'Brownouts' not yet!
We’re running out of cyberspace and will all be suffering net “brownouts” in couple of years time, according to an American technology think-tank (and no, it’s nothing to do with the UK prime minister). Nemertes Research says that, because online video providers like YouTube and BBC iPlayer are taking up increasing amounts of bandwidth, we could all be facing brief periods of downtime and - ultimately - a painfully slow Internet in the future.
From the sounds of things, the predicted brownouts will start off being more of an irritation than anything, knocking us off-line for a few minutes now and again. Things start sounding apocalyptic by the time the Olympics comes to British shores, with sluggish connection speeds rendering the Internet no more than an “unreliable toy.” “Today people know how home computers slow down when the kids get back from school and start playing games, but by 2012 that traffic jam could last all day long,” said Ted Ritter, an analyst at the think-tank.
Nemertes has found some snappy statistics to back up its predictions - like the amount of traffic generated by YouTube today is the same as across the whole Internet back in 2000; BBC iPlayer is another “net bomb,” sapping up 5 per cent of all UK bandwidth. And traffic across the whole web in a month is being measured at a mind-boggling 8 exabytes - which, according to The Times newspaper, is enough to store 200,000 years of DVD-quality video. Taking into account that the University of Minnesota says web traffic is actually increasing at a rate of 60 per cent per year - and that’s not even taking into account ambitious web plans in India and China - and we are Doomed.
The bad news is that the current Global Economic Doom is only postponing the Inevitable Internet Doom. “With more people working or looking for work from home, or using their PCs more for cheap entertainment, demand could double in 2009,” Mr. Ritter says. “At best, we see the [economic] slowdown delaying the fractures for maybe a year.” Aren’t those bankers good for anything?

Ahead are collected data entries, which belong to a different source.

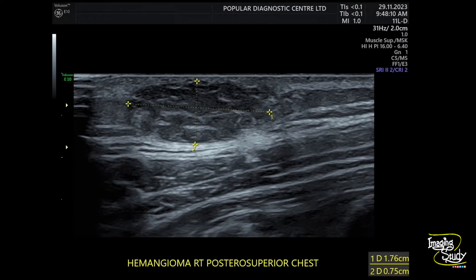We have measured the lesion — it's around 17 millimeters by 7.5 millimeters. There are several differentials for this lesion, so we want to apply color Doppler to differentiate among them.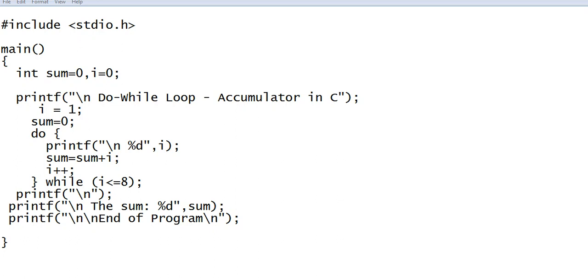Hi there everyone, welcome to my channel. In this video tutorial, we will learn how to write a program using do-while loop statement and accumulator in C programming language. Before we start, I would like to say thank you so much to all my viewers, silent viewers, and supporters in my channel. Thank you for watching my videos.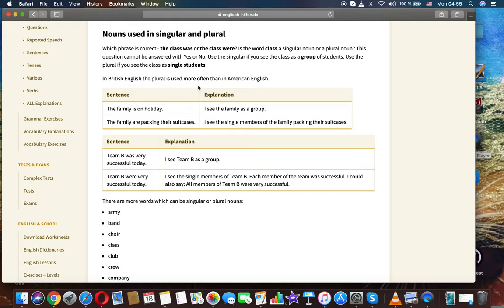In British English the plural is used more often than in American English. The family is on the holiday - I see the family as a group. The family are packing their suitcases - I see the single members of the family packing their suitcases.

Nemertes report on brownouts is due before the end of 2009. By then we should know exactly how Lord Carter and his Digital Britain minions want to slow down our connections by deviously giving more UK homes broadband access. Isn’t anyone fighting the good fight? Well, engineers are attempting to create an über-fast, post-apocalyptic-sounding parallel network called “The Grid,” while cyber-squirrels are building “caches:” private servers where in-demand content is stored locally. Perhaps we can surf easy - for now.